Dans son rapport d’étude économique sur le Japon, l’OCDE a également exhorté la BoJ à assouplir son programme de plafonnement des rendements, mettant en garde contre de nouvelles pressions du marché pour l’abandonner.
Le club basé à Paris a souligné la nécessité pour le Japon, lourdement endetté, d’élaborer une feuille de route « claire et crédible » pour restaurer sa santé budgétaire, la pire parmi les économies avancées, car des taux d’intérêt plus élevés augmenteraient les coûts du service de la dette.
Ces recommandations interviennent alors que l’OCDE s’attend à ce que les prix à la consommation de base au Japon, hors énergie et produits alimentaires frais volatils, augmentent d’environ 2,0% en 2024 et 2025.
« Les projections de l’OCDE d’une inflation soutenue autour de 2 %, d’une augmentation de la croissance des salaires et d’une réduction de l’écart de production impliquent qu’une augmentation progressive du taux directeur est justifiée, à partir de début 2024 », indique le rapport.

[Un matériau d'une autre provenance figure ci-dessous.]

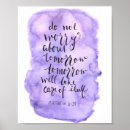 Search for bible verse matthew 6 posters Do not worry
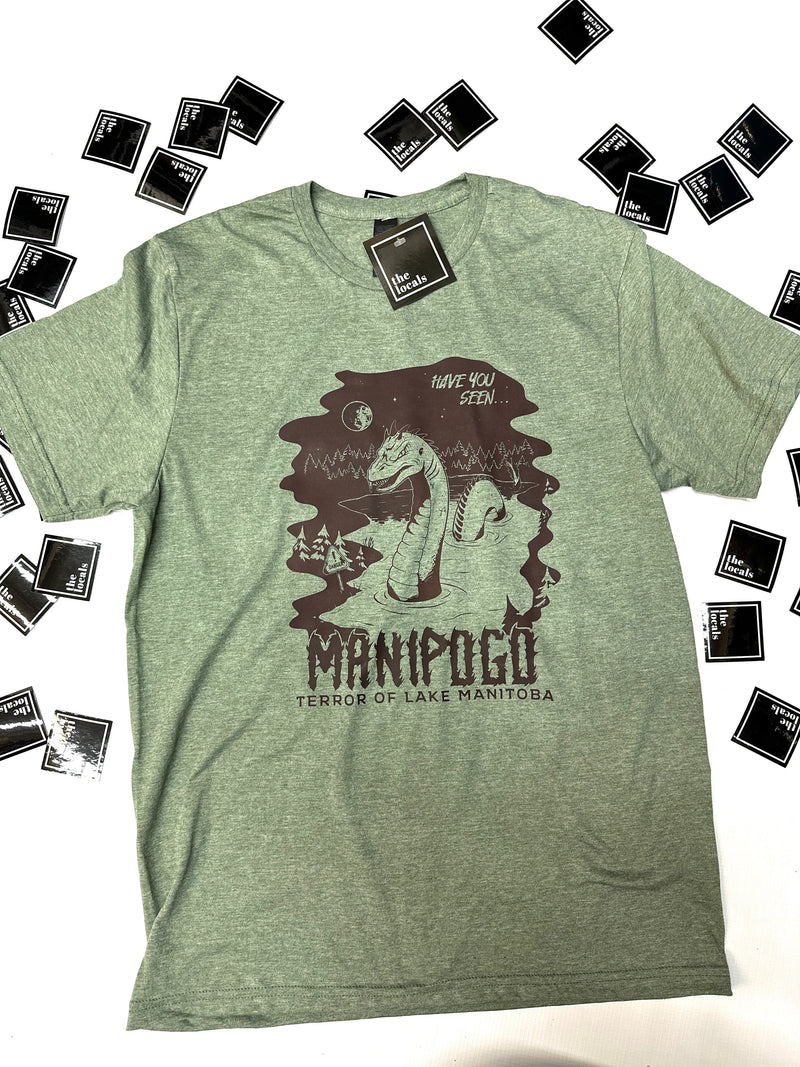 Manitoba Manipogo T-Shirt-3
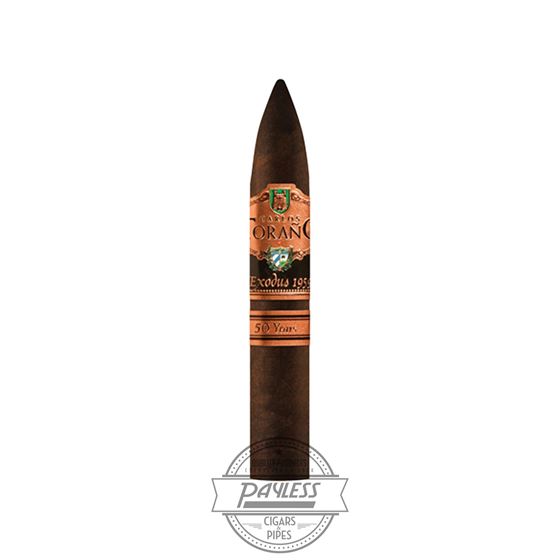 Torano Exodus 1959 50 Years Torpedo Cigar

La BoJ surveille de près si le Japon parviendra à une croissance robuste des salaires, en accordant une plus grande attention au résultat des prochaines négociations « shunto » entre les syndicats et la direction. Les marchés s’attendent de plus en plus à ce que la banque centrale mette fin à ses taux d’intérêt négatifs, probablement en avril, à la suite des négociations salariales.
Le Premier ministre Fumio Kishida demande aux entreprises japonaises d’augmenter les salaires afin que la croissance des salaires puisse dépasser l’inflation, qui reste bien au-dessus de 2 pour cent depuis plus d’un an. Les chefs d’entreprise ont également souligné la nécessité de récompenser les travailleurs avec des salaires plus élevés, même si l’incertitude demeure quant à savoir si les petites entreprises emboîteront le pas.

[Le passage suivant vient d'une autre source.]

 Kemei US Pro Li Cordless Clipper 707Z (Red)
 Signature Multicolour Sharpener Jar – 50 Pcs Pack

Le secrétaire général de l’OCDE, Mathias Cormann, a déclaré que la BoJ adoptait une approche plus « prudente » dans la mesure où elle cherche à éviter un resserrement prématuré et attend de plus amples données.

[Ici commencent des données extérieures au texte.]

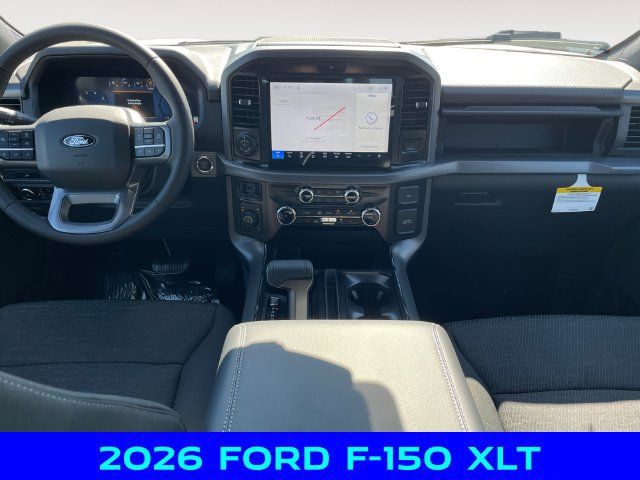 New 2026 Ford F150 XLT w/ Equipment Group 302A MID AWD/4WD image 10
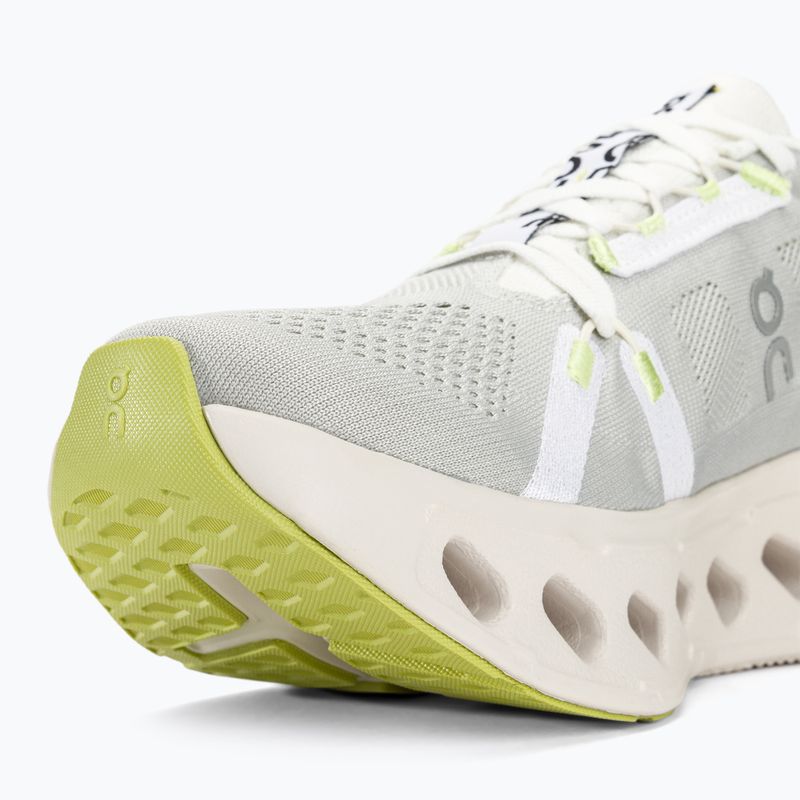 Scarpe da corsa On Cloudeclipse bianco/sabbia da uomo 8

« Je comprends le contexte historique en matière d’inflation et de déflation au Japon », a déclaré Cormann lors d’une conférence de presse. « Notre évaluation est légèrement plus optimiste (que celle de la BoJ) en ce qui concerne ce que nous prévoyons pour l’inflation au Japon à l’avenir. »
Dans le cadre du programme de la BoJ visant à maintenir les coûts d’emprunt à un niveau extrêmement bas pour soutenir les ménages et les entreprises, les taux d’intérêt à court terme sont fixés à moins 0,1 pour cent, tandis que la banque centrale a permis aux rendements des obligations d’État japonaises à 10 ans de dépasser le niveau auparavant rigide de 1,0 pour cent. modifications récentes.
L’OCDE a proposé comme options d’augmenter encore le plafond de rendement à 10 ans et d’adopter un objectif de rendement à plus court terme.
Alors que le gouvernement cherche à freiner les dépenses qui ont gonflé ces dernières années pour faire face à la pandémie de COVID-19 et à une inflation élevée, atteindre son objectif d’un excédent budgétaire primaire au cours de l’exercice 2025 reste un défi de taille.
Kishida a ordonné une expansion du budget de 112,07 billions de yens (770 milliards de dollars) approuvé par le Cabinet pour l’exercice 2024 en allouant davantage de fonds aux urgences à la suite du tremblement de terre qui a ravagé le centre du Japon en janvier.
La dépendance croissante du gouvernement à l’égard des fonds de réserve, qui peuvent être utilisés à sa propre discrétion sans l’approbation du Parlement, fait l’objet d’un examen plus approfondi. Certains fonds inutilisés sont détournés vers les dépenses de défense, le Japon visant à dépenser environ 43 000 milliards de yens au cours des cinq années précédant l’exercice 2027.
L’utilisation de budgets supplémentaires et de fonds de réserve « devrait être limitée aux chocs macroéconomiques importants avec une définition plus concrète des circonstances dans lesquelles ils peuvent être utilisés », a déclaré l’OCDE, appelant à une évaluation externe, éventuellement par une institution budgétaire indépendante, pour déterminer si de tels budgets supplémentaires et fonds de réserve les dépenses ont en effet été utilisées pour répondre aux crises.